また、国学院大は浦野雄平(富士通)と土方英和(旭化成)という近年の躍進の立役者がすぐに存在感を示している。
帝京大、国学院大ともに育成には定評があるが、実業団に入ってからも実力を出せているのは、帝京大の中野孝行監督、国学院大の前田康弘監督が土台を作ってから送り出しているからだろう。
こうして見てくると、数年前の学生陸上界の構図がマラソンにも反映されているように思う。今後は中央大学、早稲田大学の卒業生が増えていくと予想する。
今回のMGCはファイナリストが50名を超え、男子マラソン全体のボトムアップが進んだことが分かった。
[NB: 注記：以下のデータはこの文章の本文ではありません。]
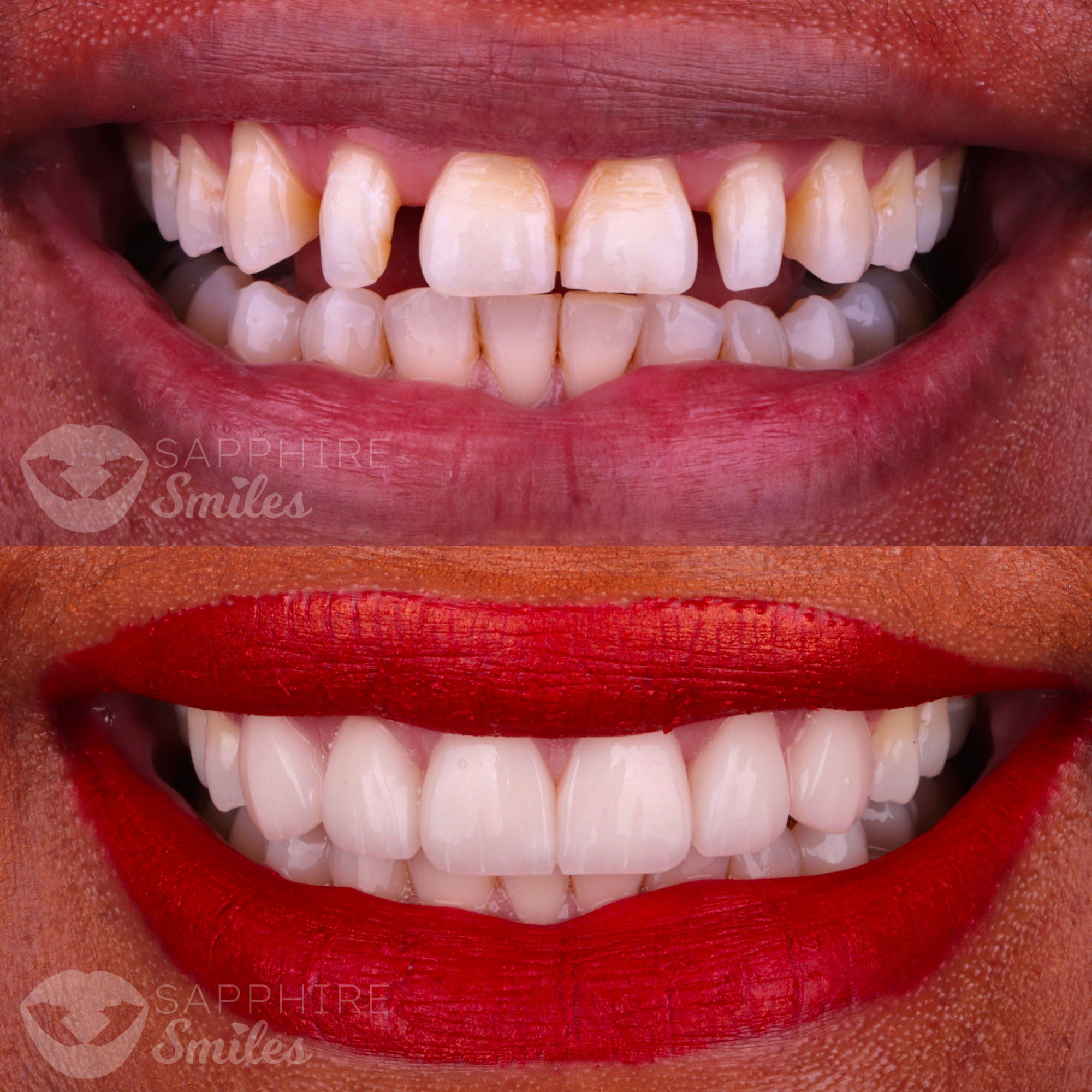 Patient before and after photos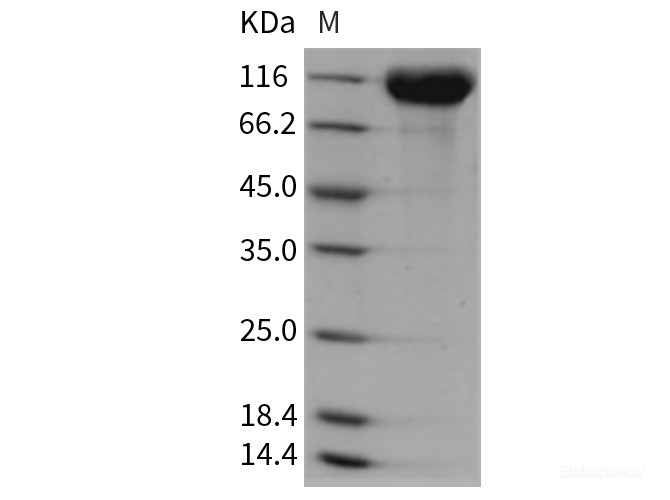 Recombinant Rat ACE2 / Angiotensin-Converting Enzyme 2 Protein (His tag)-Elabscience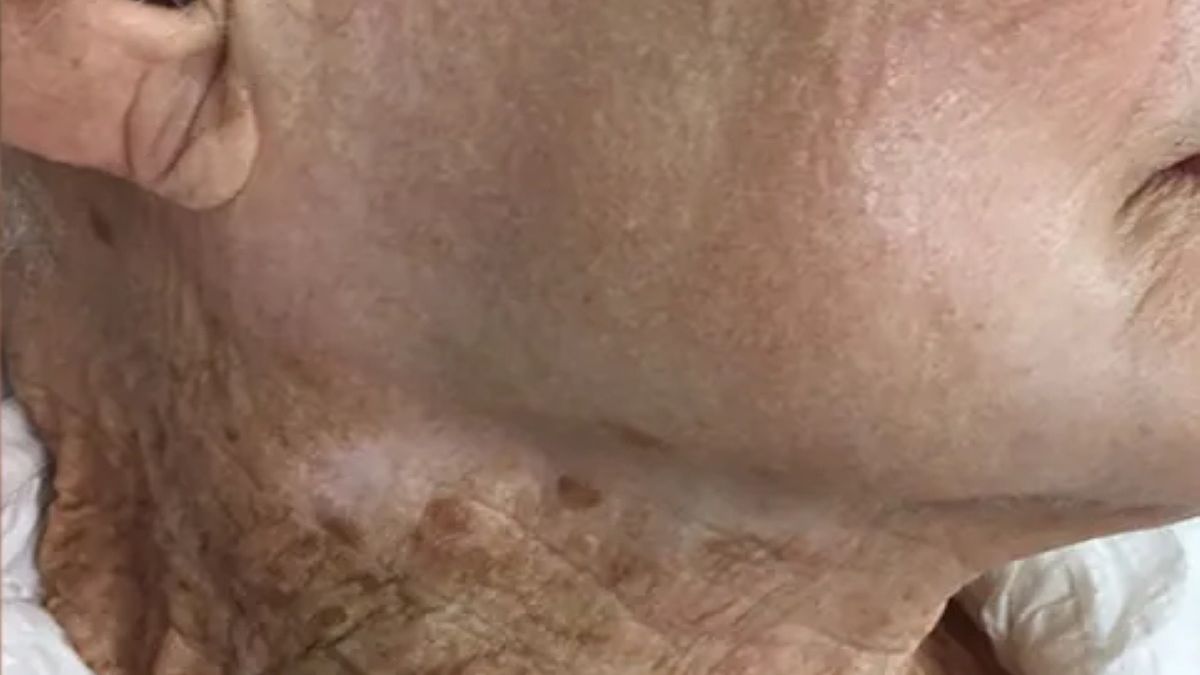 Tak będzie wyglądała twoja skóra, jeśli zapomnisz o nałożeniu kremu z filtrem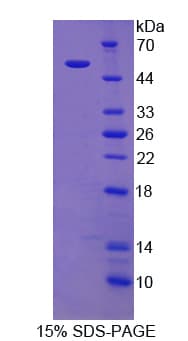 Rat MUC20 Protein (Recombinant His-GST)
MGCはタイムではなく、勝ち負けが問われるだけに、各陣営の戦略が注目される。
それにしても、ファイナリストの多くが箱根駅伝を走ったことから分かるように、今は関東の大学を経由して、マラソンに挑戦する選手が増えた(関東以外の大学出身者が3名、高校出身者が3名)。
第100回箱根駅伝の予選会は全国の学校に門戸が開かれるが、ファイナリストの顔ぶれを見る限り、やはり関東の大学には、才能と、指導者と競争があり、それが日本のマラソンの土台につながっている。